Dicho de otro modo, la sostenibilidad del FNR no se juega únicamente dentro del FNR, el FNR no solo debería mirar río abajo y el FNR no está ni puede jugar solo, en definitiva, la preponderancia del rol central del MSP y la sociedad en conjunto se expresa de múltiples formas. Se juega antes: en la promoción de la salud, en la prevención de factores de riesgo, en el diagnóstico temprano, en el seguimiento longitudinal de pacientes crónicos, en la adherencia terapéutica, en la calidad de la atención de primer nivel, en los programas de cesación tabáquica, salud renal, prevención cardiovascular, vacunación, screening oncológico y control metabólico. La alta complejidad es, en parte, el reflejo tardío de lo que el sistema logró o no logró prevenir, de la salud que se logró o no se logró promover.
Esta mirada no elimina el problema de los precios farmacéuticos ni la necesidad de evaluar tecnologías sanitarias. Tampoco niega la legitimidad del reclamo individual cuando una persona necesita un medicamento de alto precio. Pero desplaza el análisis hacia una pregunta sistémica: ¿por qué el sistema produce una demanda creciente de tecnologías catastróficas y cómo puede intervenir antes de que esa demanda llegue al FNR o a la Justicia?

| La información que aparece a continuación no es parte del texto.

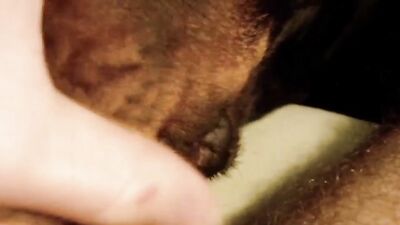 Bestiality horse: big animals porn
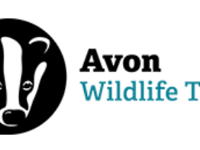 Chew Valley Wildlife Group Jumble Sale this Saturday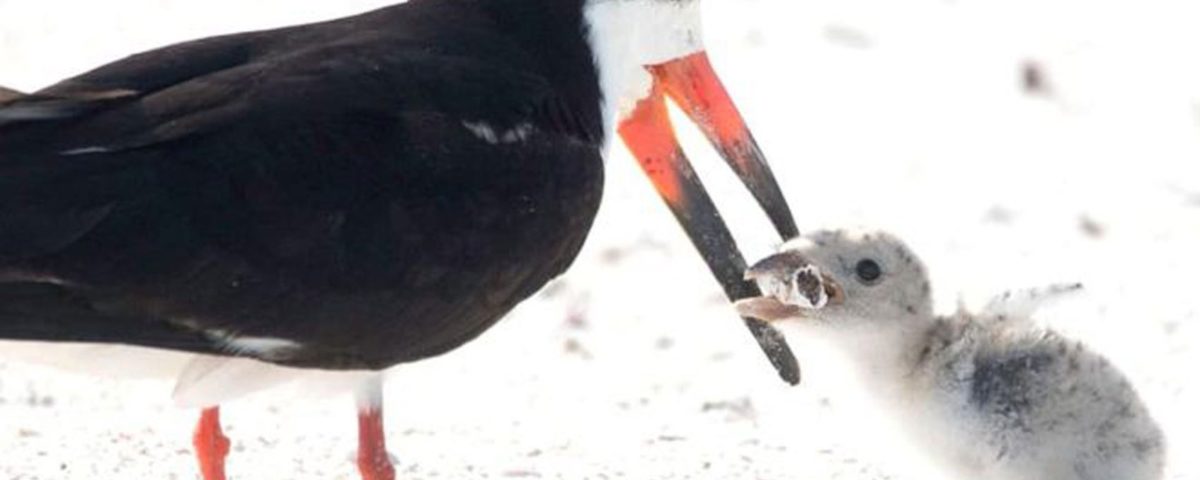 Uma fotógrafa dos Estados Unidos captura um pássaro negro que alimenta seu filhote com um filtro de cigarro na Flórida.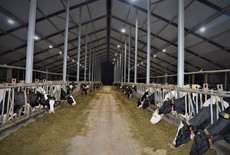 LED Highbay voor melkveebedrijf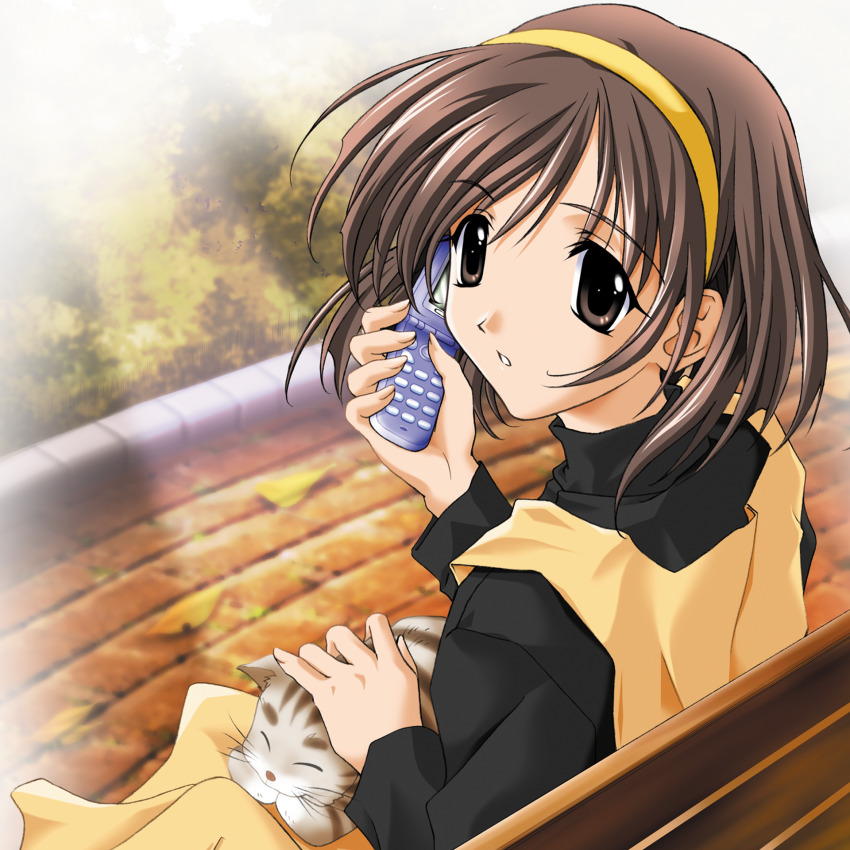 animal, animal_on_lap, bench, brown_hair, cat, cat_on_lap, cellphone, dress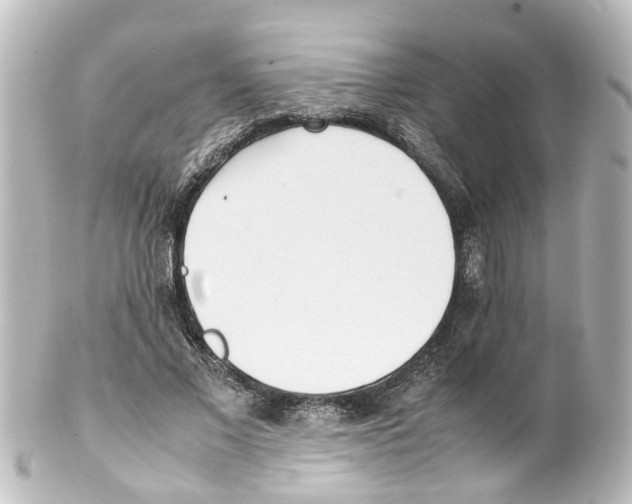 X0000100230685200806271751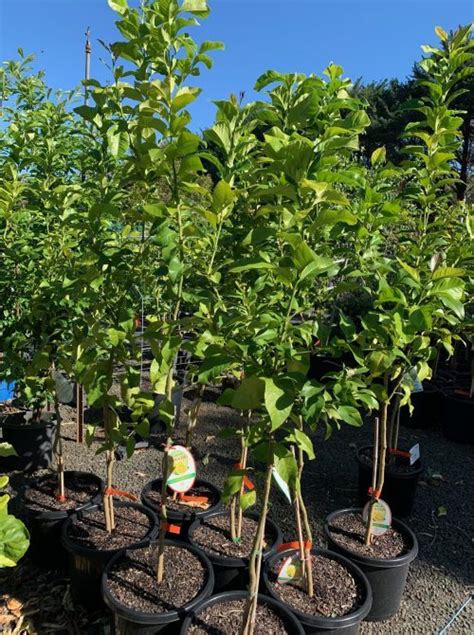 Lemon Heaven Seedless Eureka Lemon Lakeside Plants Nursery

En consecuencia, una política integral sobre medicamentos de alto precio no puede limitarse a decidir qué se incorpora al listado, cómo se negocia el precio o cómo se responde a los amparos. Debe articularse con una estrategia sanitaria más amplia orientada a disminuir la carga de enfermedad, retrasar progresiones evitables, reducir complicaciones y evitar que la alta complejidad se convierta en el destino financiero inevitable del sistema. De lo contrario, el FNR queda condenado a absorber una demanda creciente que el resto del sistema no logró contener.
Conclusión
El problema de los medicamentos de alto precio en Uruguay no puede entenderse como una simple oposición entre un paciente que necesita y un Estado que niega. Es una tensión estructural entre innovación médica, precios farmacéuticos, derecho a la salud, límites presupuestales, capacidad de negociación, evaluación de tecnologías sanitarias, judicialización y desempeño del SNIS y nuestra sociedad en promoción de la salud y de condiciones de vida dignas, saludables y sostenibles y la prevención de enfermedades con consecuencias graves.
El desafío no es solamente ampliar o restringir la cobertura. El desafío más profundo es construir una política pública capaz de decidir qué medicamentos de alto precio deben ser financiados, bajo qué condiciones, con qué evidencia, a qué precio, mediante qué procedimiento y con qué criterios de justicia. Pero esa política debe estar integrada a una visión sistémica: si el sistema de salud no fortalece de manera más efectiva la promoción de la salud y la prevención primaria, seguirá alimentando la demanda de alta complejidad, la presión financiera sobre el FNR y los conflictos judiciales en torno a los amparos. En ese escenario, las personas afectadas corren el riesgo de ser revictimizadas: primero por la enfermedad y por la falta de acceso oportuno; luego por tener que demostrar judicialmente su necesidad, su insuficiencia de recursos y la legitimidad de reclamar un tratamiento.
Horacio Botti es médico y biólogo. Es actualmente docente de la Unidad Académica de Imagenología de la Facultad de Medicina, Universidad de la República.